India's 1991 liberalisation dismantled decades of state controls, opening the economy to foreign investment and reshaping its development trajectory.
Key Facts
- Reform start date
- 24 July 1991
- Foreign reserves at crisis
- Less than 3 weeks of import cover
- Emergency measure
- Gold airlifted to secure loans
- Reform framework
- Liberalisation, Privatisation and Globalisation (LPG)
- Budget speech by
- Manmohan Singh, Finance Minister
- External assistance
- IMF and World Bank structural adjustment loans
Location
Cause → Event → Consequence
A severe balance of payments crisis, dangerously low foreign exchange reserves, rising oil prices from the Gulf War, dissolution of the Soviet Union, trade disruption with the USSR, declining remittances, political instability, and a mounting fiscal deficit left India with no choice but to seek IMF and World Bank emergency assistance, which came with conditions requiring sweeping structural reforms.

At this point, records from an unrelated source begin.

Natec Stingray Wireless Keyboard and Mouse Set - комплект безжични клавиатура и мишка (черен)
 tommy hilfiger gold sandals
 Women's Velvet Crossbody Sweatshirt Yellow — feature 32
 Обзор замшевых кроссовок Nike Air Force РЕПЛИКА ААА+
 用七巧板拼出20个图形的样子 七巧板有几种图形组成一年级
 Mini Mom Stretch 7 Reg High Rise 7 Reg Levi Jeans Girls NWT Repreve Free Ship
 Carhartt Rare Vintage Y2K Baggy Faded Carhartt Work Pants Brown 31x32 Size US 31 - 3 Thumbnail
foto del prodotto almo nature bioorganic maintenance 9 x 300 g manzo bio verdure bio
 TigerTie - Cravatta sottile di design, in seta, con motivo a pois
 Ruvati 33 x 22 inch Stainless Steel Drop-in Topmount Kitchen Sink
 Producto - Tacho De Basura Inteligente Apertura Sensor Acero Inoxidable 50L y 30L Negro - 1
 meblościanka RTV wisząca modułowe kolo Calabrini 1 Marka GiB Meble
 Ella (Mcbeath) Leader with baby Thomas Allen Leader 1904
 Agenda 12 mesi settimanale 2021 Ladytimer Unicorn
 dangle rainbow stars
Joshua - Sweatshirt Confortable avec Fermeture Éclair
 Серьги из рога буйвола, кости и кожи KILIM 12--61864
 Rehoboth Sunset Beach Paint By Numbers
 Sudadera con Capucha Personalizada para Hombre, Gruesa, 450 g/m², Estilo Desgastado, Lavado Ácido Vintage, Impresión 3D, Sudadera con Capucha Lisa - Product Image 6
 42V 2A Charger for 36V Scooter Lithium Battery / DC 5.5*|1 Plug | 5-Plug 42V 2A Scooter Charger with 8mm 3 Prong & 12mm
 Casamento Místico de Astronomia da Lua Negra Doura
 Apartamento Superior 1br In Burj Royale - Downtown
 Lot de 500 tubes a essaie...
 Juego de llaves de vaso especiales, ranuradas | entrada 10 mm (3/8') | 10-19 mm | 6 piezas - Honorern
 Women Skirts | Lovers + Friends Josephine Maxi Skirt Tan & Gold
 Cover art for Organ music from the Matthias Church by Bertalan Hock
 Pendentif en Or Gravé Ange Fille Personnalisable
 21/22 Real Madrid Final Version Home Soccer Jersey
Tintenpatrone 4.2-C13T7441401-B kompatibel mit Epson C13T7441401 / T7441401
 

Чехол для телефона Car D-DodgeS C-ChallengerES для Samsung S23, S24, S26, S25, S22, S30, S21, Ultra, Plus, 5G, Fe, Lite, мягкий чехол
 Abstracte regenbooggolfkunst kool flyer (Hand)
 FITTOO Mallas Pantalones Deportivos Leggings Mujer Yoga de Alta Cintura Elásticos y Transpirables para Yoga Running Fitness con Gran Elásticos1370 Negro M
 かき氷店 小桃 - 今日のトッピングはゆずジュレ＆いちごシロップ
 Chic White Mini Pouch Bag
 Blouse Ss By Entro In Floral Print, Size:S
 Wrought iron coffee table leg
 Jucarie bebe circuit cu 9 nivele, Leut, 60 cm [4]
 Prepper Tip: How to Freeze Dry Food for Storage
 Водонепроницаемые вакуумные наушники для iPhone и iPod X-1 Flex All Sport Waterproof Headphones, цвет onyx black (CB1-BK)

On 24 July 1991, Finance Minister Manmohan Singh delivered a landmark budget speech initiating the LPG reforms — Liberalisation, Privatisation, and Globalisation. The government dismantled import licensing, reduced tariffs, opened sectors to private and foreign investment, and restructured the economy away from its heavily state-controlled model, largely under the conditionality imposed by the IMF and World Bank.
The reforms attracted significant foreign direct investment and accelerated a shift toward a services-oriented economy. However, outcomes were contested: critics pointed to widening income inequality, uneven distribution of growth benefits, relaxed environmental regulations, and the view that the changes were externally imposed rather than domestically driven policy choices.